10. An apparatus for identifying an unknown system using the adaptive filter according to 9. 53. A limiter circuit for detecting a minimum value by receiving an input signal and said sixth constant, and a limiter for outputting a maximum value by receiving an output of said minimum value circuit and said seventh constant. 50. The apparatus for identifying an unknown system by an adaptive filter according to claim 48, wherein the apparatus is constituted by two maximum value circuits. 54. An averaging circuit comprising: a first output to a limiter output;
A fifth multiplier for multiplying the output of the fifth multiplier, a second adder for adding the output of the fifth multiplier and the output of the sixth multiplier and outputting the result as an average value, and the output of the second adder. And a sixth delay element for receiving and delaying one clock. The sixth multiplier multiplies the output of the sixth delay element by an eighth constant and feeds it back to the second adder. 49. An apparatus for identifying an unknown system using an adaptive filter according to claim 48. 55. The averaging circuit according to claim 35, wherein a second output is provided to a limiter output.

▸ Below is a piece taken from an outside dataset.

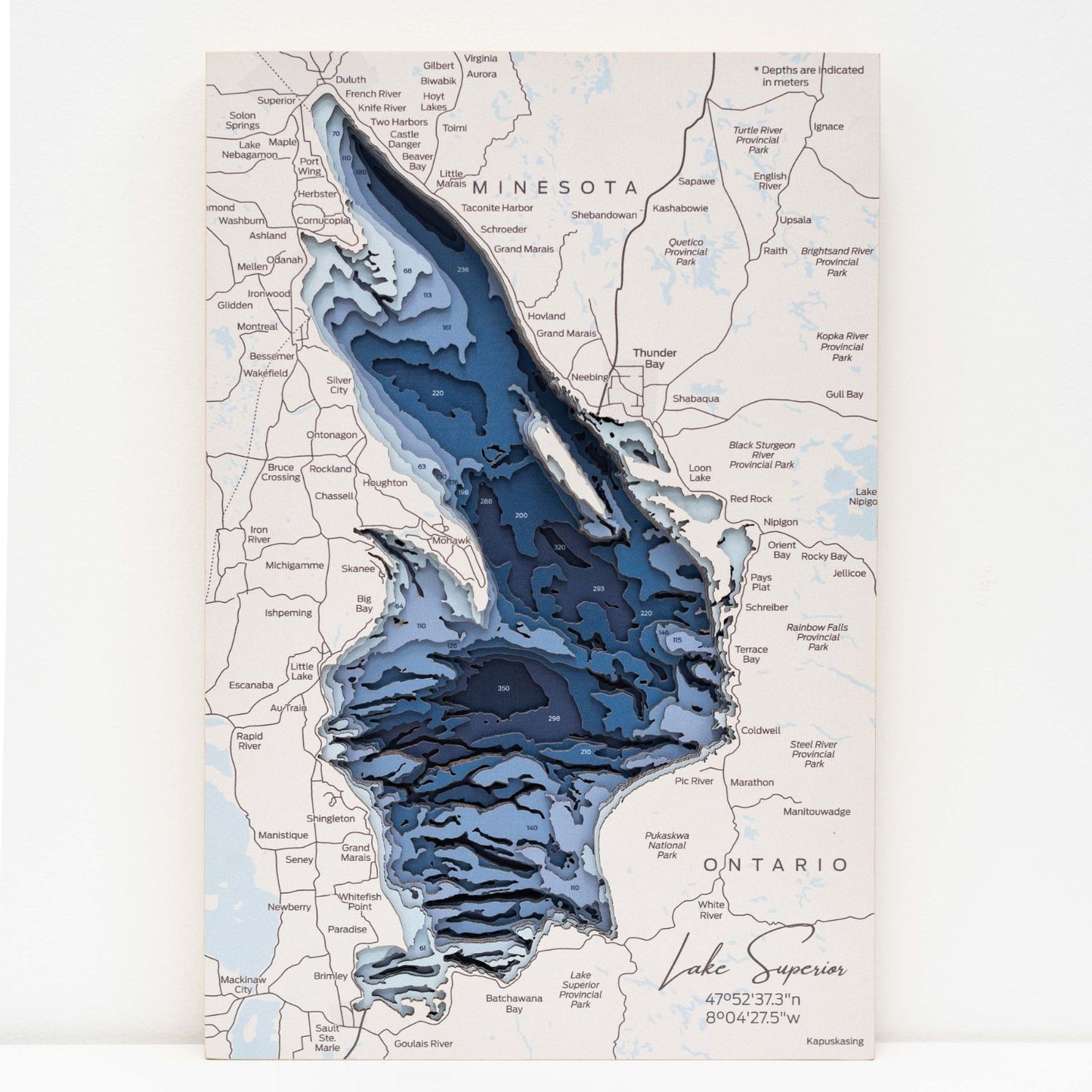 Wooden Lake Superior Map Wall Art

A seventh multiplier that multiplies the output of the second multiplier, a second adder that adds the seventh multiplier output and the eighth multiplier output and outputs an average value, A sixth delay element for receiving and delaying one clock. The eighth multiplier multiplies the output of the sixth delay element by a third variable and feeds back the signal to the second adder. 50. The apparatus for identifying an unknown system using an adaptive filter according to claim 49, wherein the second and third variables are obtained using a feedback signal from the selector 41.